Field Option > always deinterlace is only usefull for slow motion, freeze frame or still.

I would drop the interlaced footage in an interlaced sequence and export to progressive.

Inspiring
June 20, 2020

Import your footage - don't change the interpretation settings of these clips. Leave them as interlaced.

 

Create a sequence in Premiere pro that is 'progressive' but otherwise matches the frame size and frames per seconds of your origiaal footage. Drop your originals into this sequence.

It will be de-interlaced in this sequence.

 

However you are effectively losing half your vertical resolution by deinterlacing.

 

There are hardware solutions that do a very good job of intelligently deinterlacing footage while maintaining (better) resolution. Forget it's name but there's a particular (very expensive) box that does this.

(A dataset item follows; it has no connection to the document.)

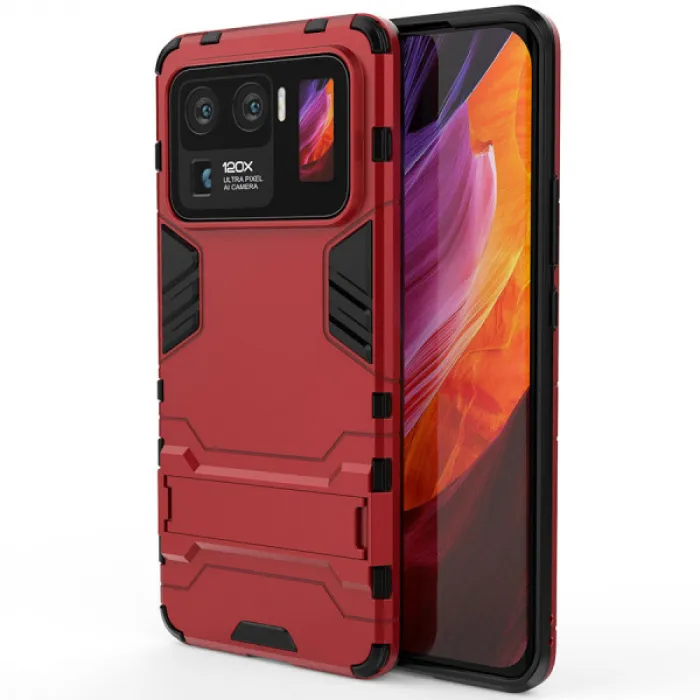 

Противоударный чехол Epik Transformer-подставка для Xiaomi Mi 11 Ultra, Красный, Transformer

On the software side there's Revision Effects Fieldskit that does a good job. But it's not a set and forget plugin. It needs to be applied to individual shots and also needs 'user' input to modify settings to suit each scene. It is probably not a solution for you in this instance. BorisFX also have a deinterlacing plugin. Have not tried it.

 

You mentioned changing the interpretation settings of your clips. You can do this. i.e. change your 'interlaced' clips to 'progressive' and then drop these into a progressive sequence. You won't lose any resolution. The major downside of this is your interlaced fields will be 'blended' and this will be very noticeable on fast motion. Less so on slower motion and invisible on static stuff.

 

So basically choose your poison 🙂

Personally I'd go with interlaced clips dropped into a progressive sequence.

chrisw44157881
Inspiring
June 17, 2020

if you right click always deinterlace if its progressive, it will lose quality.(if it was interlaced, you lose quality here as it isn't passed through into an interlaced sequence)

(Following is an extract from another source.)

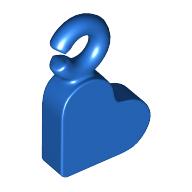 Pendant, Heart Blue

in interpret footage section, if its set to interlaced when in fact, its progressive,
it will lose quality.(if it was interlaced and you set to progressive, you lose quality here as it isn't passed through

for DVD finaly,
put all your footage into an interlaced lower field timeline. then export ntsc lower field interlaced mpeg2 dvd compliant.

 

fyi, flicker removal doesn't deinterlace. it just blurs the fields together so they don't flicker as much in certain aliasing footage.